Calling a bullet by it's manufacturer's name

Just don't call 'em late for dinner. Seriously though, as others have said, it is pretty standard to call 'em by a manufacturer or even by a specific product line (i.e. Berger makes a 7mm 180 grain bullet in hunting, match, and hybrid I believe) so I just say 180 hunting vld's.
 
Just as long as we stop referring to them as "pills".... drives me batty. Seriously though, if you're talking to a serious marksman they usually go by manufacturer name or acronym, so you can't go wrong.
 
I don't know firearms lingo, obviously. I don't want to sound like a complete idiot when I'm talking to more knowledgeable marksman. I just realized I have not thought of bullets as "bullets" in many months.

Stop worrying about sounding like anything in particular. Ask questions that seek the knowledge you lack.
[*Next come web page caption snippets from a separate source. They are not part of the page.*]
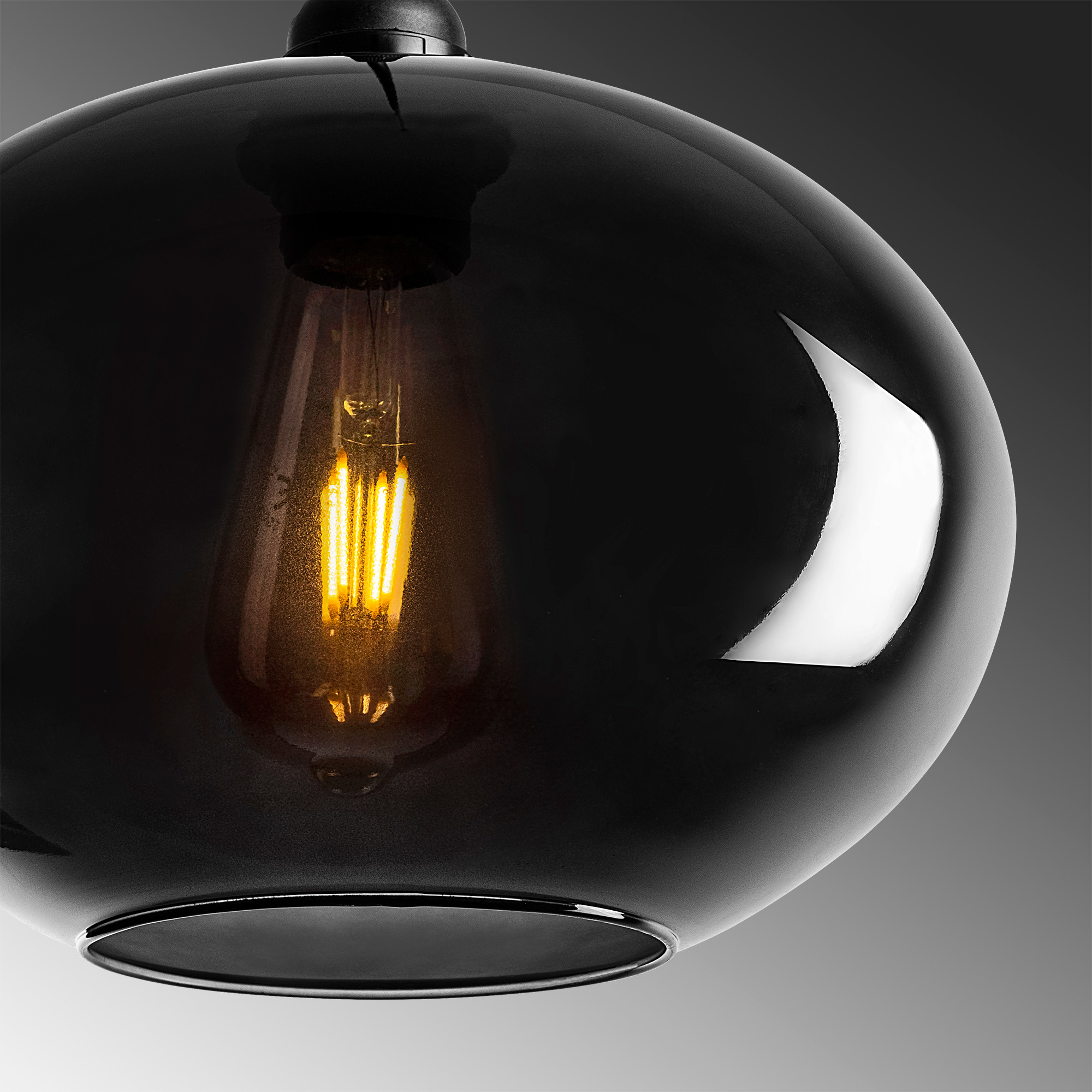 Pendant lamp 3 elements metal smoke-colored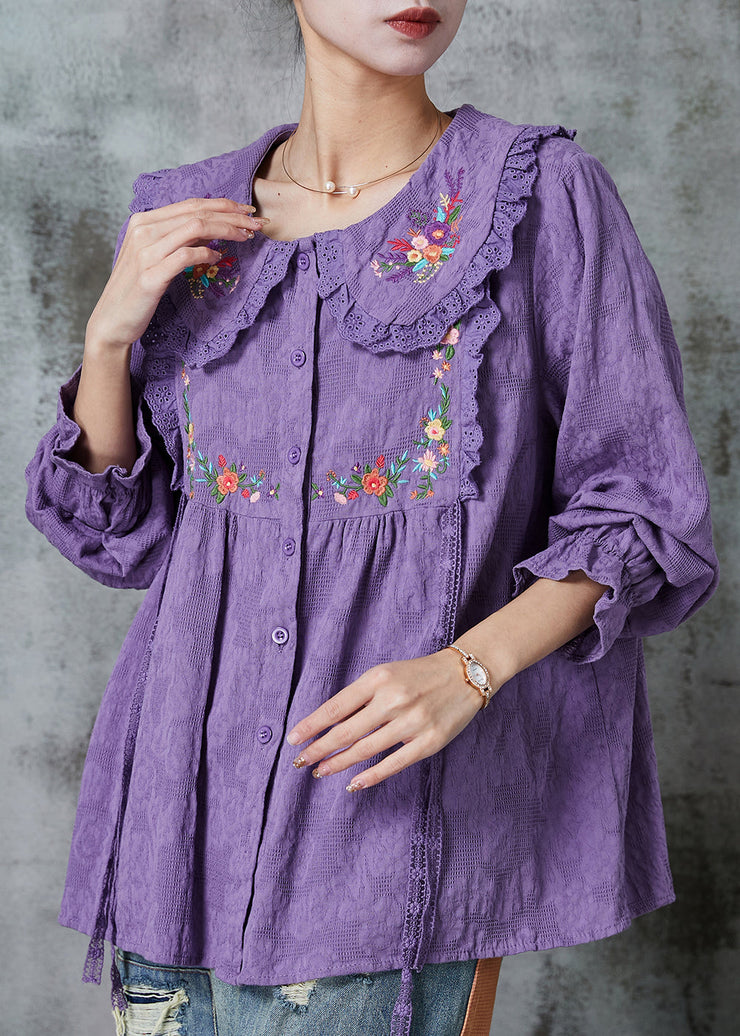 Purple Patchwork Lace Cotton Shirt Top Embroidered Spring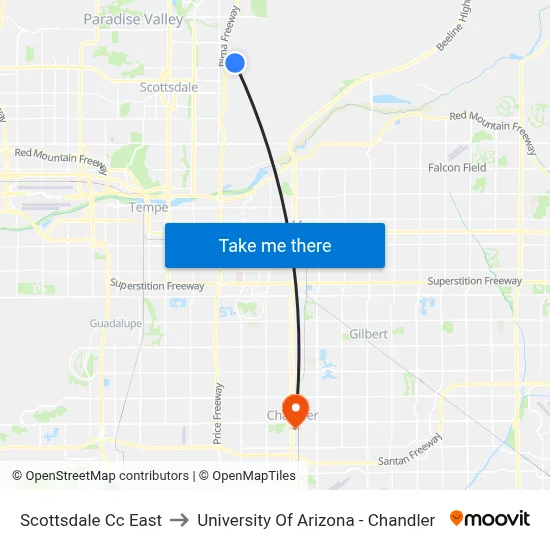 Scottsdale Cc East to University Of Arizona - Chandler map
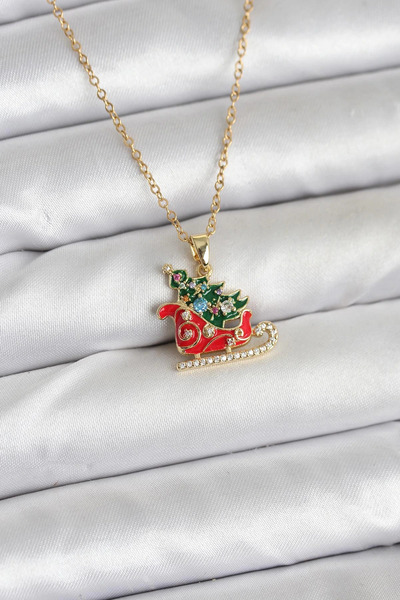 Epilons قلادة نسائية من الفولاذ 316L بتصميم عيد الميلاد مع سلسلة ذهبية اللون ...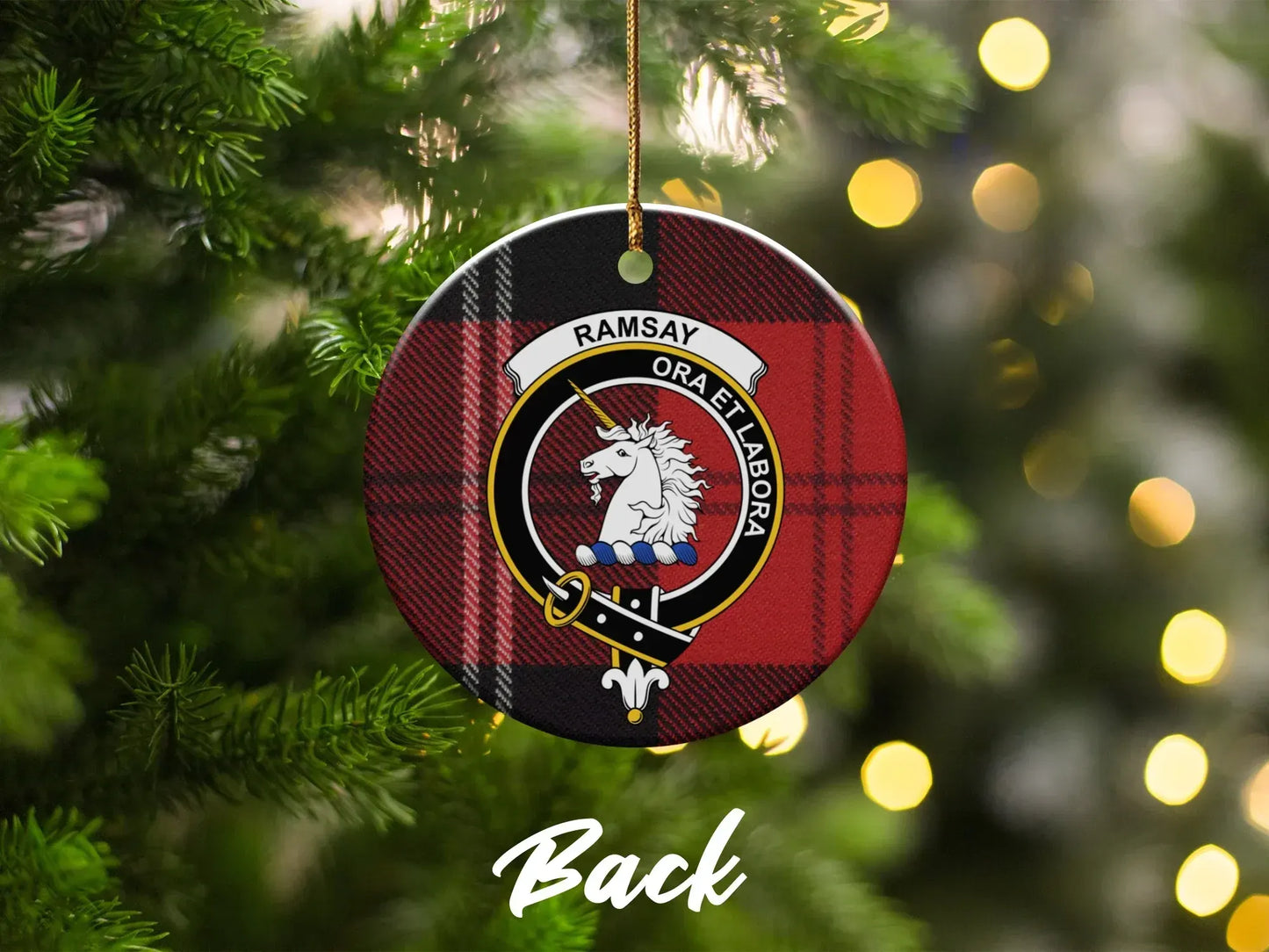 Ramsay Ora Et Labora Plaid Shield Ornament product type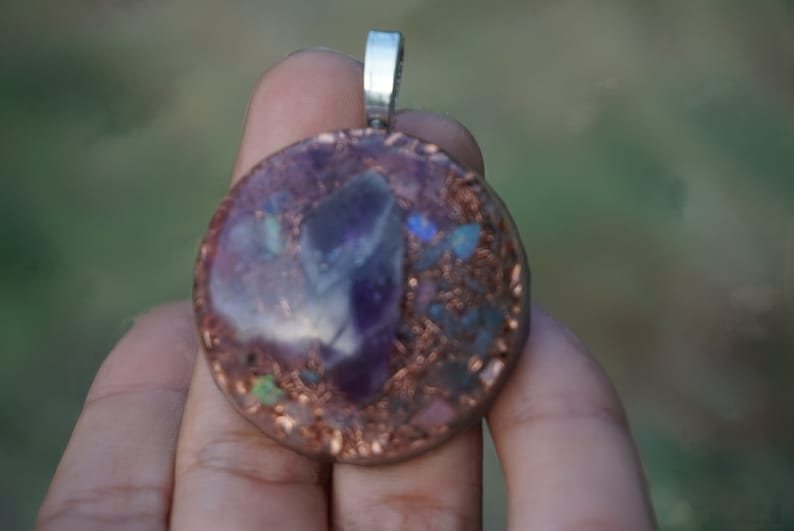 Orgonite pendant\u00ae to help emotional and mental unlocking with opals and amethyst lucid dreams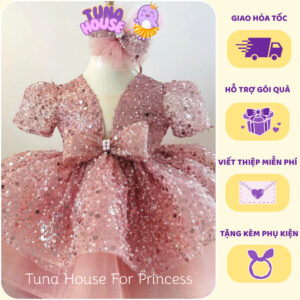 [𝐇𝐎̉𝐀 𝐓𝐎̂́𝐂] [Sẵn 9-40kg] Váy đầm xoè công chúa thiết kế cho bé gái kim sa lấp lánh siêu bồng - Tuna House For Princess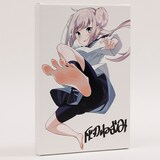 灰刃ねむみ「足芸少女こむらさん」のパネル。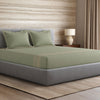 Sansaar by DDdecor Large Bedsheet Set with 2 Pillow Covers - Arrowlet - Moss Gray - Embroidered - 1 Pc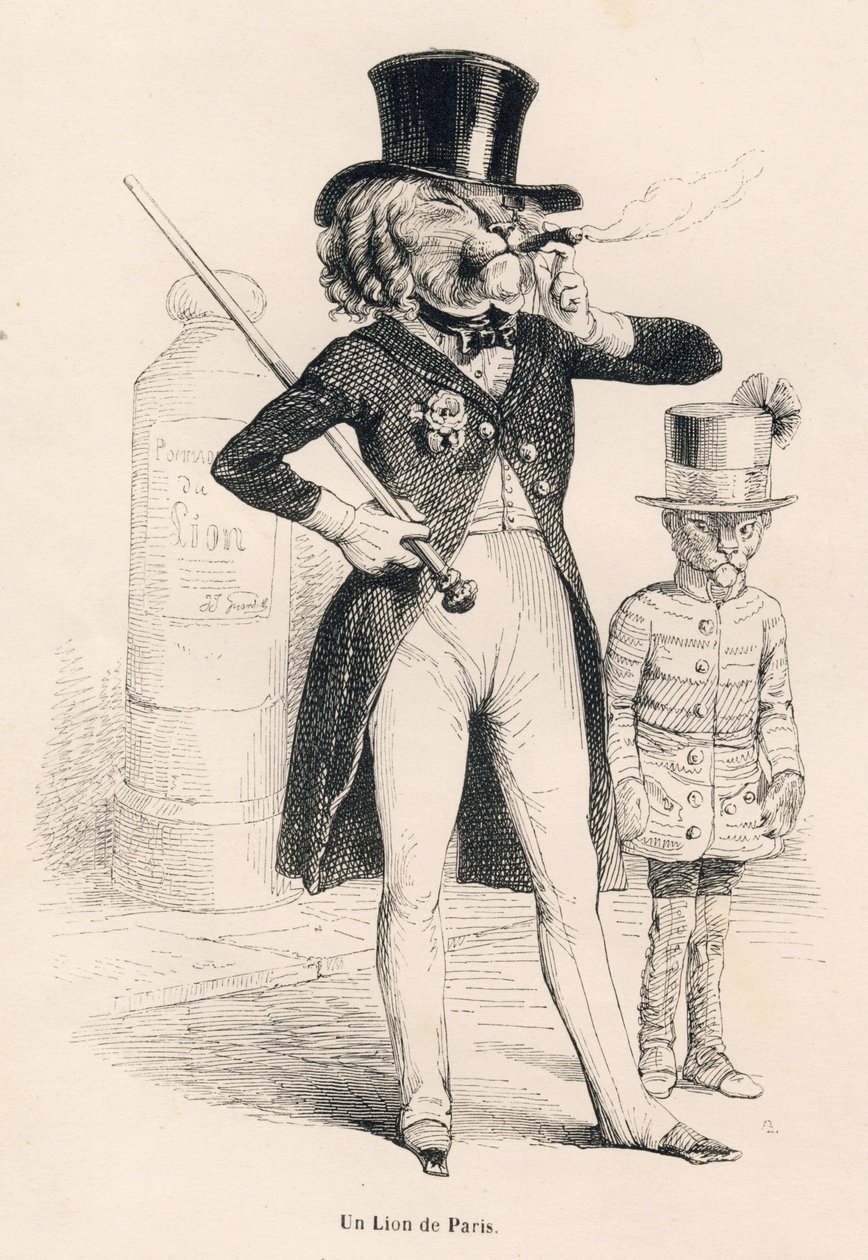 Leão de Paris . Vinhetas ilustradas por JJ Granville. Gravura assinada por Andrew, Best e Leloir na parte intitulada "Voyage d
Being just exactly who you are and being satisfied with who you are is how one ceases sounding like that "complete idiot" you'd like not to sound like.
 
I refer to them as just bullets unless the context of the conversation requires that I name them by make/model/weight etc.

I reload 9 mm and 38 Special and I hardly even remember who makes the bullets or what their ballistics are. I always use 158 gr bare lead SWC or SWCHP for 38 and 147 gr Cu plated lead (nose shape not important) for 9x19.
 
You get way more street cred if you mention AMP jackets, moly, rebated boat tail, and secant ogive in any particular order. Eventually most AR jockeys at the 50yrd berm doing mag dumps will think you are a reloading GOD.
 
You get way more street cred if you mention AMP jackets, moly, rebated boat tail, and secant ogive in any particular order. Eventually most AR jockeys at the 50yrd berm doing mag dumps will think you are a reloading GOD.

My Battalion Commander asked if there was a "real" difference between M118 and M118 LR. I went into a very oversimplified explanation of Ballistic Coefficient, comparing the 168 SMK HPBT and the 175 SMK HPBT.

Now, in their minds, I am the god of reloading, and all before me tremble.
 
My Battalion Commander asked if there was a "real" difference between M118 and M118 LR. I went into a very oversimplified explanation of Ballistic Coefficient, comparing the 168 SMK HPBT and the 175 SMK HPBT.

Yabut M118 was not loaded with the 168 SMK, that was the M852 7.62 NATO match cartridge. M118 was loaded with the same 173 gr FMJBT bullet that was used for the M72 30-06 match cartridge and the much older M1 ball (which was the post 1936 designation of the US Cartridge, Caliber 30, Model of 1906).

Eventually as the tooling used to make the 173 FMJBT wore out, the accuracy of M118 ammo degraded to the point that it was reclassified as M118SB (Special Ball).

You are correct about M118LR though, which obviously replaced M118/M118SB.
 
Last edited:
My Battalion Commander asked if there was a "real" difference between M118 and M118 LR. I went into a very oversimplified explanation of Ballistic Coefficient, comparing the 168 SMK HPBT and the 175 SMK HPBT.

Now, in their minds, I am the god of reloading, and all before me tremble.
I went through the very same back in 2001 when justifying why we needed to pull the entire loadout of M118 from the boat for M118LR prior to deployment. At least I had the CWO5 Bn Gunner on my side because the BC REALLY didn't want to listen to a Sgt even when we explained to them how much more accurate they were, but my own analogy involved something to the effect of "would you rather us drive a VW Bug or a Corvette in a race for our lives?" I think he agreed just to get me out of his office and back below the "O" levels "where I belonged".
 
people that give me the manufacturer code for the bullet they shoot drives me nut, as in: the sierra 2275 shoot great in my rifle. instead of the 30 cal 175 SMK, so I started making up code and confuse the piss out of them.